We wszystkich iPhone'ach podłączonych do komputerów hasła są łamane poprzez ataki typu brute-force, czyli wprowadzanych jest nawet kilka milionów kodów dostępu, aż do wykrycia prawidłowej kombinacji. Tamtejsi ludzie wykorzystują także publiczne exploity do włamywania się do telefonów – główny prokurator prokuratury, który stworzył laboratorium, twierdzi, że nie jest normalne, że Apple i Google ograniczają policji dostęp do danych z telefonów podejrzanych.

„To nie jest ich decyzja. I nie jest to ich decyzja, bo w grę wchodzi coś większego, a nie ich indywidualna determinacja, by zrównoważyć prywatność i bezpieczeństwo publiczne. Ważniejsze jest to, że masz ofiary i społeczność organów ścigania, która ma silne imperatywy, które szefowie Apple i Google powinni uznać i wyważyć na równi z decydentami w danej sprawie. Dziś myślę, że brakuje równowagi.”
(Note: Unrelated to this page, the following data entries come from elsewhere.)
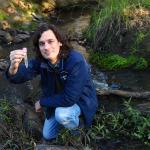 Research scientist Rhys Coleman crouches by a waterway, holding a test tube.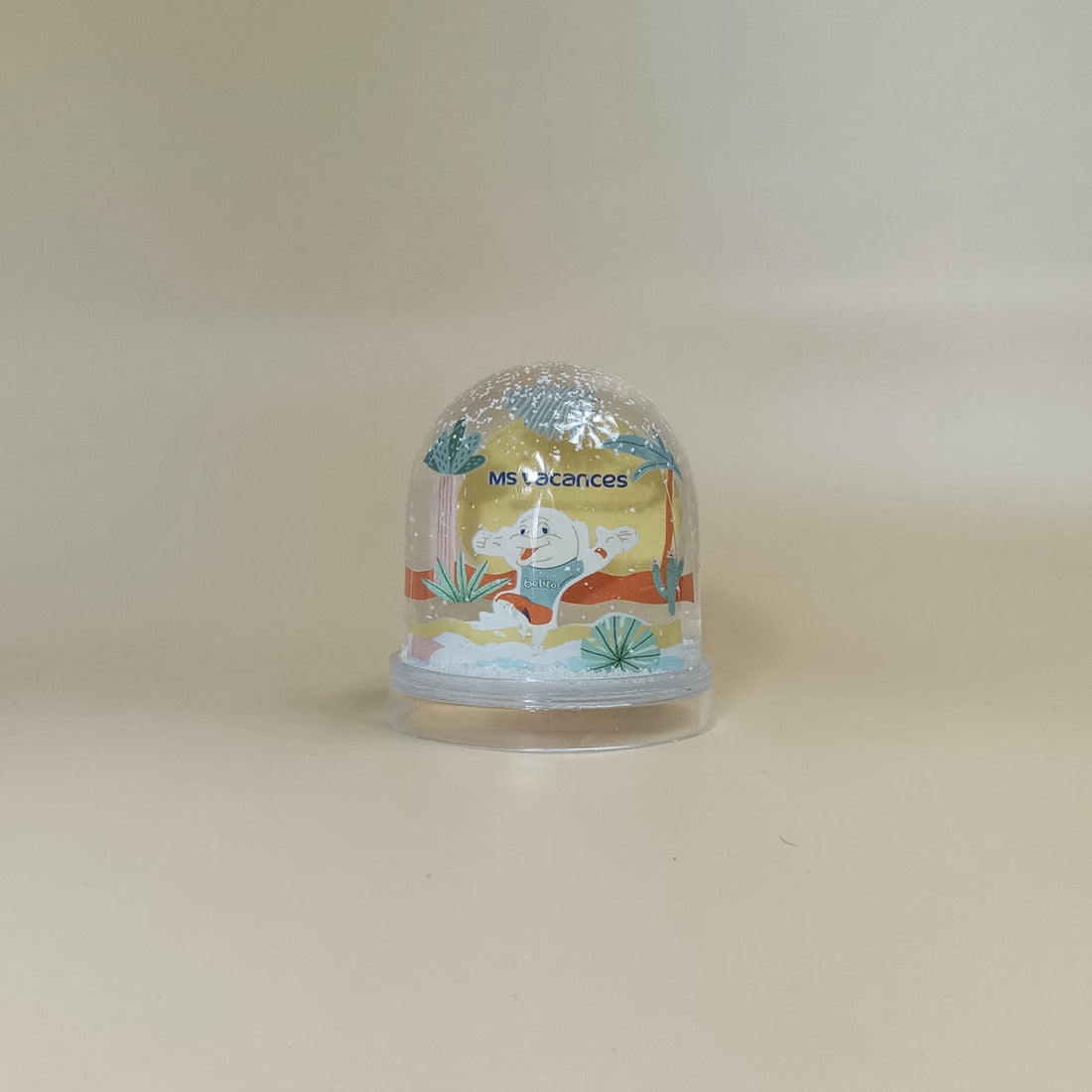 Boule à neige MS Vacances avec mascotte dans un décor tropical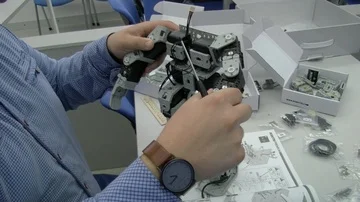 4K Electronics engineering team building &amp; testing robotics &amp; electronics Dec Stock Footage 85513488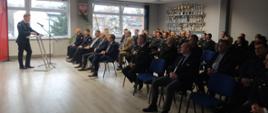 Zdjęcie przedstawia Zastępcę Wielkopolskiego Komendanta Wojewódzkiego PSP podczas przemowy na naradzie rocznej. Osoba stoi przy mównicy. Zdjęcie zrobione na sali. W tle widać baner z napisem "Państwowa Straż Pożarna". Na krzesłach siedzą zaproszeni goście.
parkiet, laboratorium w Nowym Jorku, zepsute telefony iPhone

Około połowa przywożonych tam telefonów jest tak naprawdę zepsuta, a dużym problemem dla władz są ciągłe aktualizacje wydawane przez Apple, które wzmacniają bezpieczeństwo telefonów. Dla władz szybkość, z jaką telefon ulega uszkodzeniu, jest bardzo ważna, dlatego dostęp do danych na czas może znacznie pomóc w toczącym się dochodzeniu i znacznie przyspieszyć rozwiązanie sprawy.

Naczelny prokurator Prokuratury Okręgowej w Nowym Jorku wie, że na jego rozwiązanie nie każde miasto może sobie pozwolić i że w tak ważnych kwestiach potrzebna jest szersza współpraca dużych firm informatycznych.